Friday, January 31, 2014
Following President Obama’s announcement of “myRA” in his State of the Union address, the White House has released details of the new retirement savings account, which is aimed at the 50% of employees who have no access to employer 401(k) plans.
These “starter” savings accounts will be offered by employers through Roth-like IRA accounts with a guaranteed principal (like U.S. savings bonds). According to the press release, individuals can withdraw tax-free amounts any time, but the Presidential Memorandum to the Secretary of the Treasury suggests withdrawals be made available only in emergencies.
MyRAs will require an initial investment of at least $25 and payroll deductions as low as $5. The accounts will earn the same interest as the Thrift Savings Plan Government Securities Investment Fund. Employees changing jobs can keep their myRAs or roll them over into a private sector retirement account. After reaching 30 years or the total contribution limit of $15,000, participants will roll their accounts into a private-sector retirement account.
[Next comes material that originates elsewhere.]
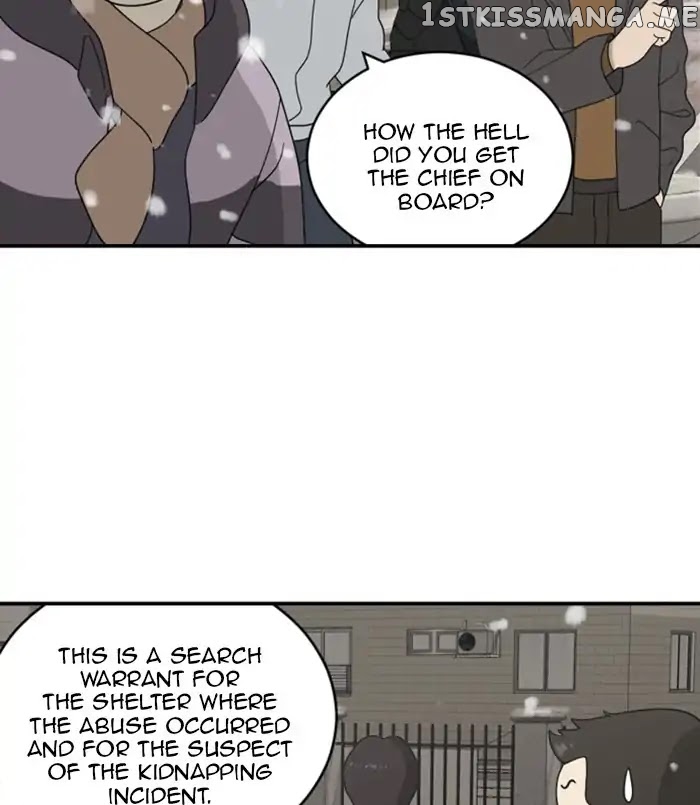 Days of Hana chapter 101 - page 42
MyRA accounts should be available by December 31, 2014.
President Obama also plans on helping employees without access to a workplace savings plan by establishing ‘auto-IRAs,’ which are IRAs funded through payroll deductions. This proposal would require enactment by Congress.
See Sally P. Schreiber J.D., Details of new myRA Retirement Savings Vehicle Revealed, Journal of Accountancy, Jan. 30, 2014.